Джордж мнется. Федор говорит: “Я бы не стал”.
Валенса разворачивается, возвращается на заседание и объявляет:
— Коллеги! Я только что двух журналистов спрашивал насчет забастовки — американца и Рудого с ТАССа. Оба не советуют.
Заканчивается ноябрь.
В командировки в одиночку не ездим. Обычно — вчетвером. Олег, Петрович, Глеб и я.
Десантник шутит:
— Банда четырех.
В Катовицах — встреча с тамошним первым секретарем.
Много опереточной конспирации: долго куда-то едем, идем по коридорам, попадаем в комнату, не похожую на кабинет.
Член Политбюро, а выглядит…
Мрачен. Подавлен. Кажется, после вчерашнего.
— Куда вы, — спрашивает, — смотрите?
— А что делать? — интересуется Олег.
— Кран перекройте!
Я не понял.
Петрович объяснил, когда возвращались:
— Он имеет в виду нефтепровод “Дружба”.
Час от часу не легче.
Оккупационная забастовка слушателей Высшей школы пожарных. Хотят выйти из подчинения МВД. А пока — забаррикадировались.
Спецназ атакует здание с воздуха. Над крышей — вертолет.

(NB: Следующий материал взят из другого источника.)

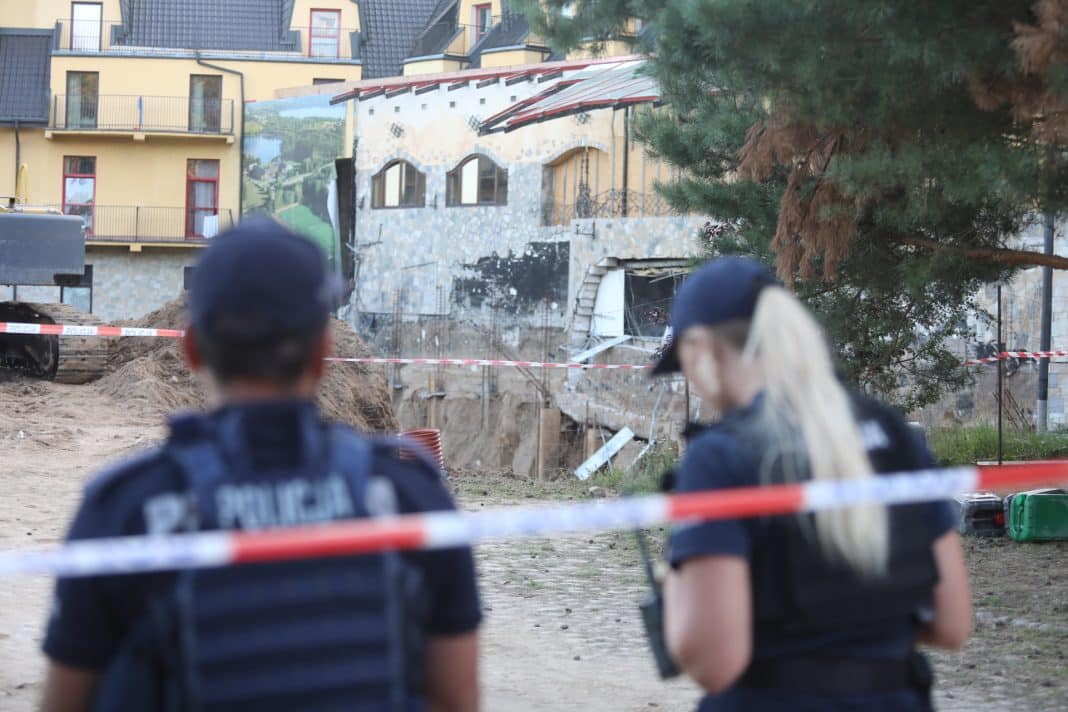 Policjanci na miejscu ewakuacji hotelu po uszkodzeniu ściany podczas prac budowlanych.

Внизу — толпа. Кто-то кричит: “Убийцы!”
“Солидарность” намечает 17 декабря провести всеобщую забастовку. А заодно — референдум о смене власти.
Не пойму, как это совместить — забастовку и референдум.
4 декабря. Сенсация!
Радио передает запись… секретного заседания лидеров “Солидарности” в Радоме.
Многие удивляются не тому, что там было сказано, а тому, как “безпека” записала разговор. Значит, среди вождей кто-то стучит?
Валенса взволнован, речь сбивчива:
— Конфронтации не избежать... Я думал, мы еще продержимся, и тогда нашими станут и сейм, и рады. Но эта тактика уже неприемлема… Когда меняется строй, без ударов не обойтись.
В Варшаву слетелись очень специальные корреспонденты.
Такие же журналисты, как Папа Римский — атеист.